Image-caption web data –
____

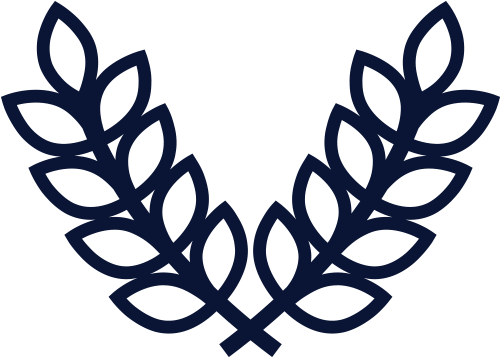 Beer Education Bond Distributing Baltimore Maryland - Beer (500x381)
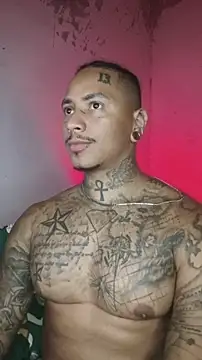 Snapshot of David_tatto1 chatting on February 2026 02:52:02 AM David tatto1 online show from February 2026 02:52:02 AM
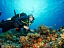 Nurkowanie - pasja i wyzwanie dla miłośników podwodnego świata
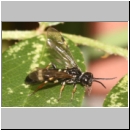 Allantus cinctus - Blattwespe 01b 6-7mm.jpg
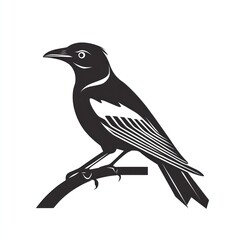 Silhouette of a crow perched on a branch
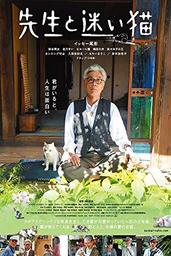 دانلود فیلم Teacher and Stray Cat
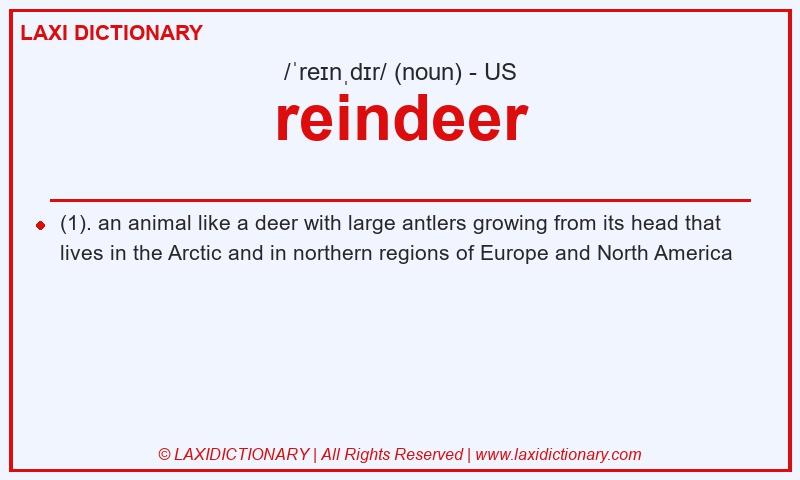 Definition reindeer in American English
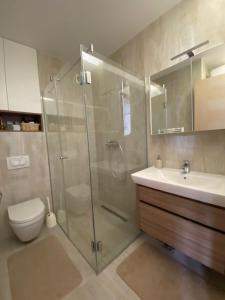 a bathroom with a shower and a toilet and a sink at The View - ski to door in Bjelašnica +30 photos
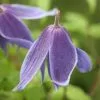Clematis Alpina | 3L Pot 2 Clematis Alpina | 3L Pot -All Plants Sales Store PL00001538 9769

____

What is being asked –
Beginning with the line where "Silhouette of a crow perched on a branch" appears, transcribe the records above word for word through their last line, and include no pictures.

Reply –
 Silhouette of a crow perched on a branch
 دانلود فیلم Teacher and Stray Cat
 Definition reindeer in American English
 a bathroom with a shower and a toilet and a sink at The View - ski to door in Bjelašnica +30 photos
Clematis Alpina | 3L Pot 2 Clematis Alpina | 3L Pot -All Plants Sales Store PL00001538 9769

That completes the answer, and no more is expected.